§ DATA SUPPLIED:

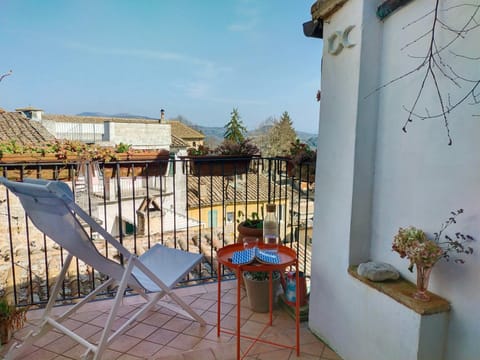 View (from property/room), Balcony/Terrace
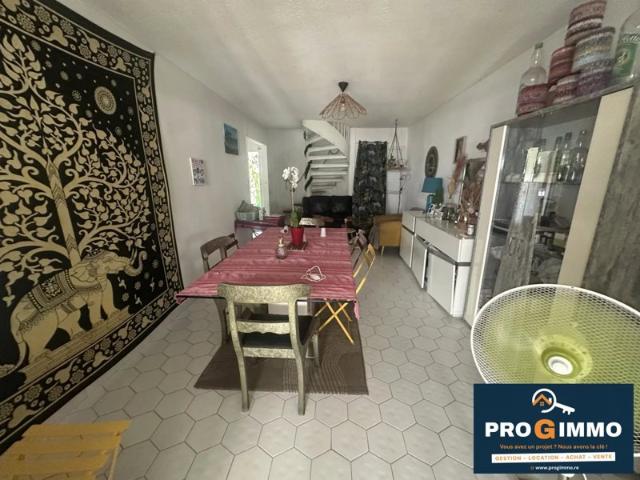 À VENDRE – MAISON DE RAPPORT F4 + STUDIO – SAINT LOUIS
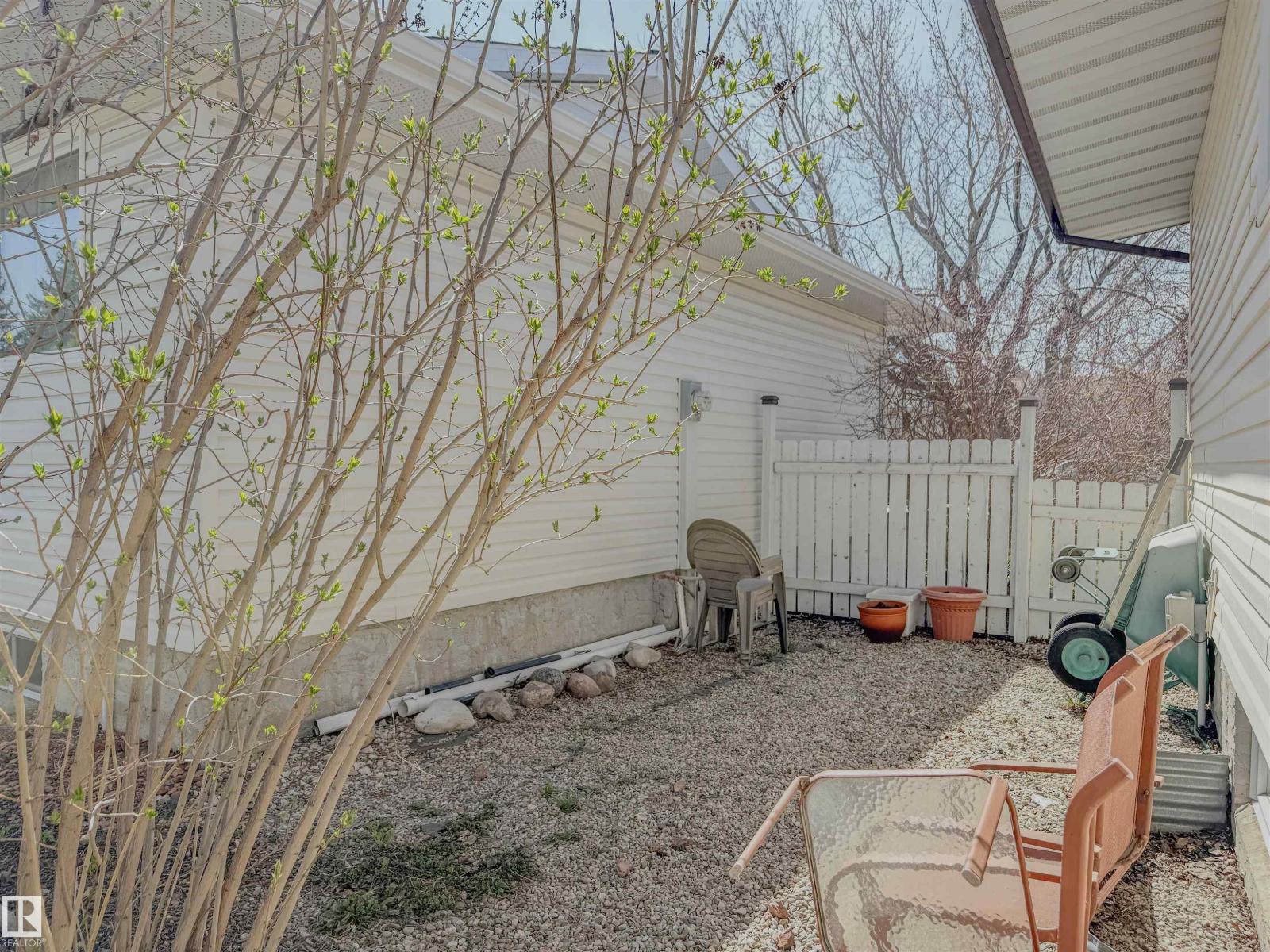 8651 27 AV NW - 13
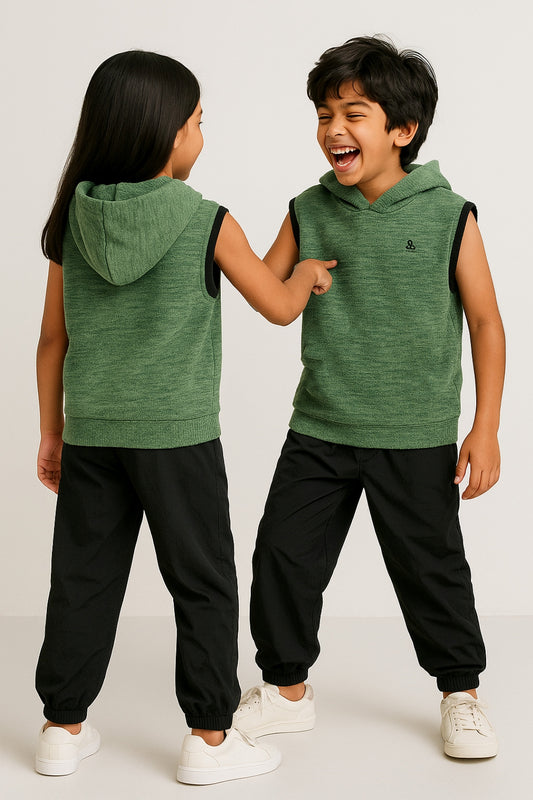 Boys & Girls Polyester Green Sleeveless Hoodie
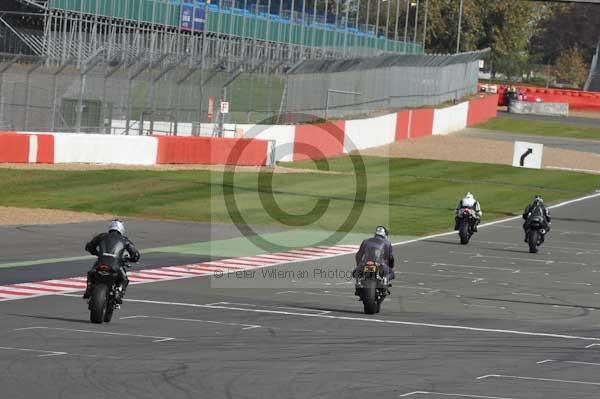 Motorcycle action photographs;Silverstone circuit;Silverstone photographs;Trackday digital images;event digital images;eventdigitalimages;no limits trackday;peter wileman photography;rockingham towcester northamptonshire;trackday;trackday photos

§ TRY IT: Set the material down exactly, images excluded.

§ TASK RESULT:
 View (from property/room), Balcony/Terrace
 À VENDRE – MAISON DE RAPPORT F4 + STUDIO – SAINT LOUIS
 8651 27 AV NW - 13
 Boys & Girls Polyester Green Sleeveless Hoodie
 Motorcycle action photographs;Silverstone circuit;Silverstone photographs;Trackday digital images;event digital images;eventdigitalimages;no limits trackday;peter wileman photography;rockingham towcester northamptonshire;trackday;trackday photos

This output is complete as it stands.